■ DIRECTIONS
Please repeat exactly the lines below from the one containing "map of restaurants, bars, coffee" down to the one containing "Carte Postale Volontaire", both included, and nothing else.

Web page caption snippets
┌──

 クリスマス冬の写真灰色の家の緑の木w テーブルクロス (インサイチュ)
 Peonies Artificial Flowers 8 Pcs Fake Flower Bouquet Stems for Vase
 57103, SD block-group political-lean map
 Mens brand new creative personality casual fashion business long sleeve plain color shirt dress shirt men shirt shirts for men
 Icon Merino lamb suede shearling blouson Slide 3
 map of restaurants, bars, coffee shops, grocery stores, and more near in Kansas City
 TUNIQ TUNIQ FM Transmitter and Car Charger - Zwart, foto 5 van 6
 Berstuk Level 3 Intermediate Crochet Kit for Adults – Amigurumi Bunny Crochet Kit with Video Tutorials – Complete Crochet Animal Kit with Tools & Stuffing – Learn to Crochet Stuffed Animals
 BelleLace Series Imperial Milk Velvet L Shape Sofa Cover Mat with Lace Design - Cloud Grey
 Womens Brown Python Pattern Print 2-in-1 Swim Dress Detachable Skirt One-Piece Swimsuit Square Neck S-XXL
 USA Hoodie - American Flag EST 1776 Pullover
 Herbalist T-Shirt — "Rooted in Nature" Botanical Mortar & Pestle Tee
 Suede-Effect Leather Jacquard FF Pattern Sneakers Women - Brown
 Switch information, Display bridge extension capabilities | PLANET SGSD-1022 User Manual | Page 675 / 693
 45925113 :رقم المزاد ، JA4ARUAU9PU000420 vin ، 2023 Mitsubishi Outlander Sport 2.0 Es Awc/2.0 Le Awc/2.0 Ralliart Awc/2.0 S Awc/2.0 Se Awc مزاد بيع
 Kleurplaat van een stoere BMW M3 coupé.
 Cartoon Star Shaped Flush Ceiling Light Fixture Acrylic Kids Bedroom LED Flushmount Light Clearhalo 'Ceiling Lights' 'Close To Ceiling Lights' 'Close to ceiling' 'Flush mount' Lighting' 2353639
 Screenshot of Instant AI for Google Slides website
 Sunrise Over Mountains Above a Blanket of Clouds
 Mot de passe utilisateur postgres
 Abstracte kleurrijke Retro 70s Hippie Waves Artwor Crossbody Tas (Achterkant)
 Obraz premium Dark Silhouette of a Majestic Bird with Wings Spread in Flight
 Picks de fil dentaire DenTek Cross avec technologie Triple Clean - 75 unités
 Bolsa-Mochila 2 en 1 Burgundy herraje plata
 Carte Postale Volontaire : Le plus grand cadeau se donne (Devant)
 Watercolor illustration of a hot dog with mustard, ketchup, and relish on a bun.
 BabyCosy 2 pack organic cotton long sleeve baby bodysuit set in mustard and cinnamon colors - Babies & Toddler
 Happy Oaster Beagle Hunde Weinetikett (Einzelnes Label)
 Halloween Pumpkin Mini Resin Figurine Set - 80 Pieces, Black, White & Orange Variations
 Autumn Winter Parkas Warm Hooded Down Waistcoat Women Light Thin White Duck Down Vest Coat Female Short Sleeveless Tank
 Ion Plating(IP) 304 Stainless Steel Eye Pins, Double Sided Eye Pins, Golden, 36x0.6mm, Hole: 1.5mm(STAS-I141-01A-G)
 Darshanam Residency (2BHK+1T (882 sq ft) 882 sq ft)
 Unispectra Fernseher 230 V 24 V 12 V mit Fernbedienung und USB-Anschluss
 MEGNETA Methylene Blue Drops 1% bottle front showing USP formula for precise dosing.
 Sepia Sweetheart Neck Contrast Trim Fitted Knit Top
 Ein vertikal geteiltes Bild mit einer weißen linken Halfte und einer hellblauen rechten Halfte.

└──

■ REPLY
 map of restaurants, bars, coffee shops, grocery stores, and more near in Kansas City
 TUNIQ TUNIQ FM Transmitter and Car Charger - Zwart, foto 5 van 6
 Berstuk Level 3 Intermediate Crochet Kit for Adults – Amigurumi Bunny Crochet Kit with Video Tutorials – Complete Crochet Animal Kit with Tools & Stuffing – Learn to Crochet Stuffed Animals
 BelleLace Series Imperial Milk Velvet L Shape Sofa Cover Mat with Lace Design - Cloud Grey
 Womens Brown Python Pattern Print 2-in-1 Swim Dress Detachable Skirt One-Piece Swimsuit Square Neck S-XXL
 USA Hoodie - American Flag EST 1776 Pullover
 Herbalist T-Shirt — "Rooted in Nature" Botanical Mortar & Pestle Tee
 Suede-Effect Leather Jacquard FF Pattern Sneakers Women - Brown
 Switch information, Display bridge extension capabilities | PLANET SGSD-1022 User Manual | Page 675 / 693
 45925113 :رقم المزاد ، JA4ARUAU9PU000420 vin ، 2023 Mitsubishi Outlander Sport 2.0 Es Awc/2.0 Le Awc/2.0 Ralliart Awc/2.0 S Awc/2.0 Se Awc مزاد بيع
 Kleurplaat van een stoere BMW M3 coupé.
 Cartoon Star Shaped Flush Ceiling Light Fixture Acrylic Kids Bedroom LED Flushmount Light Clearhalo 'Ceiling Lights' 'Close To Ceiling Lights' 'Close to ceiling' 'Flush mount' Lighting' 2353639
 Screenshot of Instant AI for Google Slides website
 Sunrise Over Mountains Above a Blanket of Clouds
 Mot de passe utilisateur postgres
 Abstracte kleurrijke Retro 70s Hippie Waves Artwor Crossbody Tas (Achterkant)
 Obraz premium Dark Silhouette of a Majestic Bird with Wings Spread in Flight
 Picks de fil dentaire DenTek Cross avec technologie Triple Clean - 75 unités
 Bolsa-Mochila 2 en 1 Burgundy herraje plata
 Carte Postale Volontaire : Le plus grand cadeau se donne (Devant)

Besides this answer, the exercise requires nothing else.